Pablo e outros comentaram também sobre a questão da terra. A terra, em razão de ser propriedade privada, tem as dificuldades que sabemos. No entanto, Brasília inteira é área pública, e a expansão de Brasília se deu de forma que a gente sabe. Aí tem uma questão que precisamos relativizar.

Por último, quanto todos nós dizemos que a especulação imobiliária e o capitalismo fazem com que a cidade deforme sua imagem ambiental pela produção de espigões, os quais fazem com que a cidade se perca num emaranhado de arranha-céus, lembro de um relatório publicado em 1969 sobre o futuro da humanidade. Um relatório da União Soviética. O capítulo da cidade e arquitetura diz que, no futuro, as habitações estariam localizadas em edifícios com 200, 300, 400 ou mais andares, situados em terrenos livres, dos quais os edifícios ocupariam 2% ou 3% do território e o resto seria ocupado por jardins ou florestas. Essa era a percepção da elite intelectual arquitetônica da União Soviética, estado rigorosamente comunista, nos anos áureos do modernismo. Portanto, transpassava doutrinariamente o mais capitalista ao mais comunista. Essa é a força da doutrina arquitetônica que a gente, às vezes, desmerece.

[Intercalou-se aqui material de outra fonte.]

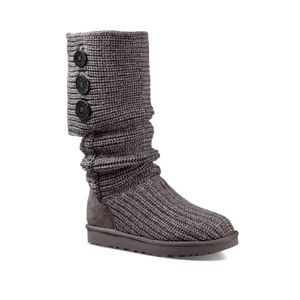 UGG gray cardy tall knee high crochet knit fold down button boots shoes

É preciso reconhecer que, neste debate, estamos fazendo política. A nossa política passa pela reflexão coletiva em cima do que estamos especializando. Não necessariamente no Congresso Nacional, mas no que podemos construir aqui. Tenho certeza, apoiando o que comentou João Rodeia também, que hoje estamos vivendo um tempo em que se constrói um novo conceito de cidade. As novas gerações já aderiram a esse novo conceito: uma cidade mais amigável, amena, de maior diversidade e menos desigualdade. Uma cidade que não se submete aos isolamentos funcionalistas e que pede uma simultaneidade de usos.”